● REQUIREMENT
After the line containing "Culture - Imagen 9", write nothing more; before it, reproduce every line of the material below exactly, starting with the first.

GIVEN INFORMATION: Begin

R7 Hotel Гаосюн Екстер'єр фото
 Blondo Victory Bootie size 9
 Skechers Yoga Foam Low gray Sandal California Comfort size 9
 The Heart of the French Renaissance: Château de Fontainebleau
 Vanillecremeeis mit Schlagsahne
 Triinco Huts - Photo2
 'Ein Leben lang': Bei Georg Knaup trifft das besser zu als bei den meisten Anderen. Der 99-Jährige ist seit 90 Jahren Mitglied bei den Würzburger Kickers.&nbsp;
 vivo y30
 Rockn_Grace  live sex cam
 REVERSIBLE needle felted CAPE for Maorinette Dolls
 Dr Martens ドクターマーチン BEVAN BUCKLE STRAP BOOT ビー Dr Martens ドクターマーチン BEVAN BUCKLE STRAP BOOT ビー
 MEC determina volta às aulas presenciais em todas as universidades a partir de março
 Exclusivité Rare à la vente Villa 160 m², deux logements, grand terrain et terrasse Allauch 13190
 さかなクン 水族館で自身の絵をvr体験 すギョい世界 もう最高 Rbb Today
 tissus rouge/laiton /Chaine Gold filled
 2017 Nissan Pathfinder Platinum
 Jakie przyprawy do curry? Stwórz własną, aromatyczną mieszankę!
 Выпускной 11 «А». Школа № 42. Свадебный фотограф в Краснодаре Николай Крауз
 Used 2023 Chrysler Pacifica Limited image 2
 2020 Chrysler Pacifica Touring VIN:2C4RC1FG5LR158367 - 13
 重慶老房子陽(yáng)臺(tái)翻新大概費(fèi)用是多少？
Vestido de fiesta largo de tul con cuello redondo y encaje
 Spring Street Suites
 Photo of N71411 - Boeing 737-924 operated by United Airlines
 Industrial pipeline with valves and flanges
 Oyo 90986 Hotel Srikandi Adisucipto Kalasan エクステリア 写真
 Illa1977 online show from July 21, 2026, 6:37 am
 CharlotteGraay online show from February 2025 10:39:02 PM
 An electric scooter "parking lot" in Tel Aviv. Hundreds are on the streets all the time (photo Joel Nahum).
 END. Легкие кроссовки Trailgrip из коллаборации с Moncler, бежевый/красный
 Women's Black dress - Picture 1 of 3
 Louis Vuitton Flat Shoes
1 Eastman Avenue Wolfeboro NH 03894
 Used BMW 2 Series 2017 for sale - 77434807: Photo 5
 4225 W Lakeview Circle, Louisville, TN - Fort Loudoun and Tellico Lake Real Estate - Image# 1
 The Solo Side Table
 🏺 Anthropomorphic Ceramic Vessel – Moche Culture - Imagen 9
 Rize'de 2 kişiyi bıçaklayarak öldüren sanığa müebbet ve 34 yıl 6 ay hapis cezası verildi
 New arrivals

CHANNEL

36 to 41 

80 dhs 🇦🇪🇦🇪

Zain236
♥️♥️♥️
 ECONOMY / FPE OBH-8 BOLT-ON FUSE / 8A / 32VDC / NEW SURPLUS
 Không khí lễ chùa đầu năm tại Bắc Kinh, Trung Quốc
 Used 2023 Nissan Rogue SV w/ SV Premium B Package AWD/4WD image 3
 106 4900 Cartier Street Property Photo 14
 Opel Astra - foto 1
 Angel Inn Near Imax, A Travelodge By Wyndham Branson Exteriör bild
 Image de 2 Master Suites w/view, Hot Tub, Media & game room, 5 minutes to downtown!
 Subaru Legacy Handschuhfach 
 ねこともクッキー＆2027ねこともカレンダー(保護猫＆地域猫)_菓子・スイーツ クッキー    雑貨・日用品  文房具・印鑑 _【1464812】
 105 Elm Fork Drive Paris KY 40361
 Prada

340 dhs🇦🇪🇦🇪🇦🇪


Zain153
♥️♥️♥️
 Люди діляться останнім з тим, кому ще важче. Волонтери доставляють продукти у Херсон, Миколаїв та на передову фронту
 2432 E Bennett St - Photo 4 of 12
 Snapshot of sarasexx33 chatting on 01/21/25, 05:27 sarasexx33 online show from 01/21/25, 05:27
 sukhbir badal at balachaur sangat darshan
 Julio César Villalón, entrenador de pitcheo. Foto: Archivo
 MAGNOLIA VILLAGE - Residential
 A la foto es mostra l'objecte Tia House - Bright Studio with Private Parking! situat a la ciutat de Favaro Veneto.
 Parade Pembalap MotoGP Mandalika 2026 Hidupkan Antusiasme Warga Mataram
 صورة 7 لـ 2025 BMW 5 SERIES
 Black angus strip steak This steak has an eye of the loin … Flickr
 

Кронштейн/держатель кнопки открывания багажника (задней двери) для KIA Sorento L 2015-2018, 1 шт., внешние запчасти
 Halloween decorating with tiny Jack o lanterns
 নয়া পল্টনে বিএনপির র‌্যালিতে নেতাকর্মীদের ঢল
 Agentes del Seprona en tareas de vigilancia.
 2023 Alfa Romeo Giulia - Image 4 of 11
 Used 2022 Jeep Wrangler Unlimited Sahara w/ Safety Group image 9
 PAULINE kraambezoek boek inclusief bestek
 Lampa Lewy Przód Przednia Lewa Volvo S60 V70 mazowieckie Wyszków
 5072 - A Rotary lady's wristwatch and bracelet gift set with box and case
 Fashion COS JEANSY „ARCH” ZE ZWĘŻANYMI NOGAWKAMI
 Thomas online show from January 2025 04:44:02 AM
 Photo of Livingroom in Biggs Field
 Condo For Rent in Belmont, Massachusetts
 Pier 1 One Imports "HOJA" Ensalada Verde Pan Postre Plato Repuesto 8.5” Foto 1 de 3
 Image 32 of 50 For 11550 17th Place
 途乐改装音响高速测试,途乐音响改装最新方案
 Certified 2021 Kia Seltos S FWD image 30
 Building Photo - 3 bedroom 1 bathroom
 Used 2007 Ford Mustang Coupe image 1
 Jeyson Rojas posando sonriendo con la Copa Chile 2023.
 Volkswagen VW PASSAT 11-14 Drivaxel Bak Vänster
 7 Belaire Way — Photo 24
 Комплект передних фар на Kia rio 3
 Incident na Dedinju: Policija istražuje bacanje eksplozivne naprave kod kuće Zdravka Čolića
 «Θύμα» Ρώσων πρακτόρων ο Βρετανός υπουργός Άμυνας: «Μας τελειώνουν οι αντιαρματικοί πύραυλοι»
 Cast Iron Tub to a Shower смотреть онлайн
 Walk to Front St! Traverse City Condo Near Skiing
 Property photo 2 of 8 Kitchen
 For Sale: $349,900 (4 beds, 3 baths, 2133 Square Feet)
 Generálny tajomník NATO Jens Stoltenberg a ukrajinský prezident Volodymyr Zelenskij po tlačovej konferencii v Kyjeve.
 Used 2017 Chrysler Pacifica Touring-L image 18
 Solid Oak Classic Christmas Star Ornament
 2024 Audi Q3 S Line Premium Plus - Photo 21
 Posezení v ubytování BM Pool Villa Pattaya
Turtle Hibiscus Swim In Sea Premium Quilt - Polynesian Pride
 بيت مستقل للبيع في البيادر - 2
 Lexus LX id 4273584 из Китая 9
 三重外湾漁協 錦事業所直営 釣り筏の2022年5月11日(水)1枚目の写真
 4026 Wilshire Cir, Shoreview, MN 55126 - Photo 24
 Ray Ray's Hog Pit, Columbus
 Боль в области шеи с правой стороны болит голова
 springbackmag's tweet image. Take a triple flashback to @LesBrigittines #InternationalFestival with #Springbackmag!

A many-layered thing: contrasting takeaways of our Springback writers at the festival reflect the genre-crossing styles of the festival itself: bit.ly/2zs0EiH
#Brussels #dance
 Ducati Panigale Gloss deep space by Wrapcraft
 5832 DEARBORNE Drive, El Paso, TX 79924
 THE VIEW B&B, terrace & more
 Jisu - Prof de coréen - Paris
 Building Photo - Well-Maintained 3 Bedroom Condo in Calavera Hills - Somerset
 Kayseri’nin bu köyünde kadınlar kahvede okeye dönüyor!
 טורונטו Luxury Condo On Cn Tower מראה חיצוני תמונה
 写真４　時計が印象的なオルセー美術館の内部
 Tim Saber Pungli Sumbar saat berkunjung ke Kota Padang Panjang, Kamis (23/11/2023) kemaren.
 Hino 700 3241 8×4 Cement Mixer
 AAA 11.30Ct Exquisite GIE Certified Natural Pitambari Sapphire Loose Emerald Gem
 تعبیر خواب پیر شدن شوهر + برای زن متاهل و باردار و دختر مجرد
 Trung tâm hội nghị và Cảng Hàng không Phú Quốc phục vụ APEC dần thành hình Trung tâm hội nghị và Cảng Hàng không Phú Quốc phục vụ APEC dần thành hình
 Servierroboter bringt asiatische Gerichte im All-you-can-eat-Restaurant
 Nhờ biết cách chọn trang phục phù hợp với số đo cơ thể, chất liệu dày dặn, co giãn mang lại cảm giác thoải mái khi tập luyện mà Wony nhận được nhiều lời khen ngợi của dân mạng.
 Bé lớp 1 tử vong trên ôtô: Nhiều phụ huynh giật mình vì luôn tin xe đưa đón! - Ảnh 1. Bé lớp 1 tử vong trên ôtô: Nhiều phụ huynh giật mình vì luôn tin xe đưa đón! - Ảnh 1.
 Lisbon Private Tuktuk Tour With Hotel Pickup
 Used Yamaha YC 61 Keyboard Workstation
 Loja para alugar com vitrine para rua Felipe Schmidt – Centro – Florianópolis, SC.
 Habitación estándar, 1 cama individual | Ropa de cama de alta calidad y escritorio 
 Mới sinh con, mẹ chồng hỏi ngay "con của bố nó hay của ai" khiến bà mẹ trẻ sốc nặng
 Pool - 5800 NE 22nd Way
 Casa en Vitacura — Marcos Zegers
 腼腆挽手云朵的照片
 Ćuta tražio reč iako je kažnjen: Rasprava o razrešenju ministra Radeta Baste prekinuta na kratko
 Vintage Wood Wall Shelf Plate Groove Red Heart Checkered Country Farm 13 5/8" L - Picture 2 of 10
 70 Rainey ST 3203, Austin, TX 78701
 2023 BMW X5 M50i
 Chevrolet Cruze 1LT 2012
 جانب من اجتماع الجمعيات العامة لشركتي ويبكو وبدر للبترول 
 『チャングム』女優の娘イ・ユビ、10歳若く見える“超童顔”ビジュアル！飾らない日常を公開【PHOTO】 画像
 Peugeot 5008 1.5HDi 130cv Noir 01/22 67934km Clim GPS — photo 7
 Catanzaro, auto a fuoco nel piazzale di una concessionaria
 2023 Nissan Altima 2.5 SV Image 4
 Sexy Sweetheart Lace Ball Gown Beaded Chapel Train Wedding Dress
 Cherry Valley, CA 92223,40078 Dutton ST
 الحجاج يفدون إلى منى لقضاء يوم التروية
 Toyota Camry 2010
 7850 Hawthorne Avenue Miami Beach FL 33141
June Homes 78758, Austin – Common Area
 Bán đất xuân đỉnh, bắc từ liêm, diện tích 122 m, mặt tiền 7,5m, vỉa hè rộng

GIVEN INFORMATION: End

● WRITTEN SOLUTION
R7 Hotel Гаосюн Екстер'єр фото
 Blondo Victory Bootie size 9
 Skechers Yoga Foam Low gray Sandal California Comfort size 9
 The Heart of the French Renaissance: Château de Fontainebleau
 Vanillecremeeis mit Schlagsahne
 Triinco Huts - Photo2
 'Ein Leben lang': Bei Georg Knaup trifft das besser zu als bei den meisten Anderen. Der 99-Jährige ist seit 90 Jahren Mitglied bei den Würzburger Kickers.&nbsp;
 vivo y30
 Rockn_Grace  live sex cam
 REVERSIBLE needle felted CAPE for Maorinette Dolls
 Dr Martens ドクターマーチン BEVAN BUCKLE STRAP BOOT ビー Dr Martens ドクターマーチン BEVAN BUCKLE STRAP BOOT ビー
 MEC determina volta às aulas presenciais em todas as universidades a partir de março
 Exclusivité Rare à la vente Villa 160 m², deux logements, grand terrain et terrasse Allauch 13190
 さかなクン 水族館で自身の絵をvr体験 すギョい世界 もう最高 Rbb Today
 tissus rouge/laiton /Chaine Gold filled
 2017 Nissan Pathfinder Platinum
 Jakie przyprawy do curry? Stwórz własną, aromatyczną mieszankę!
 Выпускной 11 «А». Школа № 42. Свадебный фотограф в Краснодаре Николай Крауз
 Used 2023 Chrysler Pacifica Limited image 2
 2020 Chrysler Pacifica Touring VIN:2C4RC1FG5LR158367 - 13
 重慶老房子陽(yáng)臺(tái)翻新大概費(fèi)用是多少？
Vestido de fiesta largo de tul con cuello redondo y encaje
 Spring Street Suites
 Photo of N71411 - Boeing 737-924 operated by United Airlines
 Industrial pipeline with valves and flanges
 Oyo 90986 Hotel Srikandi Adisucipto Kalasan エクステリア 写真
 Illa1977 online show from July 21, 2026, 6:37 am
 CharlotteGraay online show from February 2025 10:39:02 PM
 An electric scooter "parking lot" in Tel Aviv. Hundreds are on the streets all the time (photo Joel Nahum).
 END. Легкие кроссовки Trailgrip из коллаборации с Moncler, бежевый/красный
 Women's Black dress - Picture 1 of 3
 Louis Vuitton Flat Shoes
1 Eastman Avenue Wolfeboro NH 03894
 Used BMW 2 Series 2017 for sale - 77434807: Photo 5
 4225 W Lakeview Circle, Louisville, TN - Fort Loudoun and Tellico Lake Real Estate - Image# 1
 The Solo Side Table
 🏺 Anthropomorphic Ceramic Vessel – Moche Culture - Imagen 9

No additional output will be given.